The state of Alabama touches the sea around Mobile Bay, at the mouth of the Alabama River. The port of Mobile is at the head of the bay, some thirty miles from the open sea. Access to Mobile Bay was protected by three strong forts, a minefield (mines were then known as torpedoes), and by a Confederate fleet led by the C.S.S. Tennessee, a giant ironclad ram with a fearsome reputation.

The Union attack on these defences was commanded by David Farragut, already known for the capture of New Orleans, and about to add considerably to his fame. On 5 August 1864 he led his fleet of 4 monitor class ironclads and fourteen wooden ships into the bay. As the smoke from his ship obscured his view, the elderly Farragut climbed to the top of his main mast, where he was tied to the mast to prevent his being tossed overboard during the battle. From his new vantage point he gained a clearer view of his fleet’s progress.
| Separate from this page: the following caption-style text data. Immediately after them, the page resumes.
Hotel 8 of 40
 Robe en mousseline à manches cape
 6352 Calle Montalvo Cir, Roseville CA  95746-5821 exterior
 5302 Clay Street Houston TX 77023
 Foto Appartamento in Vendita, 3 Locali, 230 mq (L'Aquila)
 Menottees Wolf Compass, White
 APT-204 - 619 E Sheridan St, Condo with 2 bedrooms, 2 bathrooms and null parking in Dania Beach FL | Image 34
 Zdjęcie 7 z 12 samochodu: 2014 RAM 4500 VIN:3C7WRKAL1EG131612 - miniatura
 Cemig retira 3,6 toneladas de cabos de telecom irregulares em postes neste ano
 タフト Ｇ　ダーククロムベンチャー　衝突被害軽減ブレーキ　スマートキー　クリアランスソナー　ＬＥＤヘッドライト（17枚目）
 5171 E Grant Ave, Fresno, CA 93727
As the Union ship passed through the bay, the first ironclad hit a mine and sank. The fleet came to a halt. Farragut ordered it to resume its progress into the bay. This much is certain. Sadly, there is now some doubt as to whether Farragut ever said ‘Damn the torpedoes! Full speed ahead’, but he will forever be known for that phrase.

Whatever Farragut actually said, his fleet successfully entered the bay. There they faced the dreaded C.S.S. Tennessee, but the giant ironclad was too unwieldy to be used as a ram, and was sunk by Union gunfire without striking a blow. With his fleet safely inside the bay, Farragut was now able to turn against the forts. The fleet was accompanied by a division of troops, who over the next three weeks captured the forts. Although Mobile itself was not captured until 1865, it was no longer usable as a port. The Confederacy had lost its last Gulf coast port east of the Mississippi.

Savannah, Georgia, December 1864

Sherman’s march through the Confederacy saw the occupation of three Confederate ports. Savannah was the first to fall to his troops. It was the target of his ‘March to the Sea’, and was also to be the launching point for the invasion of South Carolina. Sherman’s army reached the coast in mid-December 1864. On 17 December he offered surrender terms, but the garrison managed to slip away on 20-21 December. On 22 December, Sherman was able to report the capture of Savannah.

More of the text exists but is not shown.